Would JD Vance’s declaration of Trump’s “inability” garner the support of a majority of Trump’s own Cabinet? The probability is growing by the minute, as Cabinet members see, at close hand, hard evidence of Trump’s “inability.” The evidence includes rambling, incoherent tirades, a constant, needy focus on himself, his inability to express a coherent thought other than his own greatness and his need for retribution against perceived opponents, and his willingness to kill people, both abroad and in our homeland, for vague and often incoherent objectives. Cabinet members’ perceptions of “inability” grow also as each sees the probability of having freer rein, under JD Vance as president, to make coherent and effective policy more to his or her own liking.

Congress may be a tougher nut to crack. Republican members are more distant from Trump and his madness than Cabinet members. To save their political skins, many have developed a reflexive subservience that may take time to reconsider. A massive Democratic landslide in this year’s midterm elections may be needed to wake them up.

As for JD Vance as President, it’s difficult to predict what he might do as acting President. But he’s a mere 41 years old, far from senility. His wife is of Indian heritage and a practicing Hindi, suggesting at least that he is not, like Trump and legions of the MAGA faithful, a white or Christian supremacist. Vance is also a graduate of Yale Law School with an apparently good record, while Trump has taken extraordinary measures to ensure that his college grades and standardized test scores remain secret.

MLK knew how to take a calculated risk. He did so, with his own life and body, in organizing and leading the famous “March for Freedom” across the Edmund Pettus Bridge in Selma, Alabama. He also took a risk, with extraordinary results, in organizing the 1963 March on Washington and making his immortal “I Have a Dream” speech. His whole life proved to be a calculated risk, ending with his own assassination (which he himself had predicted) in 1968.

As I love Dr. King’s memory, I believe he would take the calculated risk of invoking Amendment 25. Of course he would choose the most auspicious time, probably waiting for a Democratic victory in the midterms.
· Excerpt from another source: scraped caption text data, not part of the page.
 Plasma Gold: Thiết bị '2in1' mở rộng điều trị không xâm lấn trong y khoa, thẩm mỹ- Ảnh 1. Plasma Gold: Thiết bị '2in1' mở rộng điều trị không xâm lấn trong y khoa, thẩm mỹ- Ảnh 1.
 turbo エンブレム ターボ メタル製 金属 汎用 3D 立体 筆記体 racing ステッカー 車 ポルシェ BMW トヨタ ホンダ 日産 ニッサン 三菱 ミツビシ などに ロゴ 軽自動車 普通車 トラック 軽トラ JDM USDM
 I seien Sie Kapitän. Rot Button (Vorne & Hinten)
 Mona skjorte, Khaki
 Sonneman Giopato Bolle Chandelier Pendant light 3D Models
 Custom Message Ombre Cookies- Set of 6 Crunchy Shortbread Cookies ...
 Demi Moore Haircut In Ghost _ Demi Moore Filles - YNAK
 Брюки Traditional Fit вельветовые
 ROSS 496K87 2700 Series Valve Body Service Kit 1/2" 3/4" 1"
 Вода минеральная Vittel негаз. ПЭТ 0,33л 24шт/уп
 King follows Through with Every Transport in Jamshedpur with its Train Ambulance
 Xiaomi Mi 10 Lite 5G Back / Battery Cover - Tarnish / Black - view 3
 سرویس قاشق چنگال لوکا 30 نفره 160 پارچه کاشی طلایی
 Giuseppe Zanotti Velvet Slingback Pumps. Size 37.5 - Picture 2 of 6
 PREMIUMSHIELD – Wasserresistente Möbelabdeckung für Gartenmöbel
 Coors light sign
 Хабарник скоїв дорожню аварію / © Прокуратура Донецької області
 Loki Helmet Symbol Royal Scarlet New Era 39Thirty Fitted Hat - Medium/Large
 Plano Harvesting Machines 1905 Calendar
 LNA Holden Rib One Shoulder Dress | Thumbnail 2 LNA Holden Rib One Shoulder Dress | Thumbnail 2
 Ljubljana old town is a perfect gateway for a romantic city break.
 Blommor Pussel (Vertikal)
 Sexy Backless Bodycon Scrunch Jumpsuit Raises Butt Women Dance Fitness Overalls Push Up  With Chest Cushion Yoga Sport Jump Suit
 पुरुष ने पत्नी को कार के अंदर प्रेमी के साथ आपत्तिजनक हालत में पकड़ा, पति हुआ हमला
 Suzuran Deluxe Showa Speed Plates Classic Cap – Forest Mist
But I have high confidence that he would not fail to use this clear constitutional mechanism to remove a chief executive who is demonstrably destroying what’s left of the Western Enlightenment, along with our nation’s commitment to racial and ethnic equality, our international prestige and support, our once-globe-leading economy, our last remaining chance to stem planetary heating, and our prospects of saving our allies, including Ukraine, Israel, Taiwan, and Europe, from the ravages of emboldened Russia, China and Iran.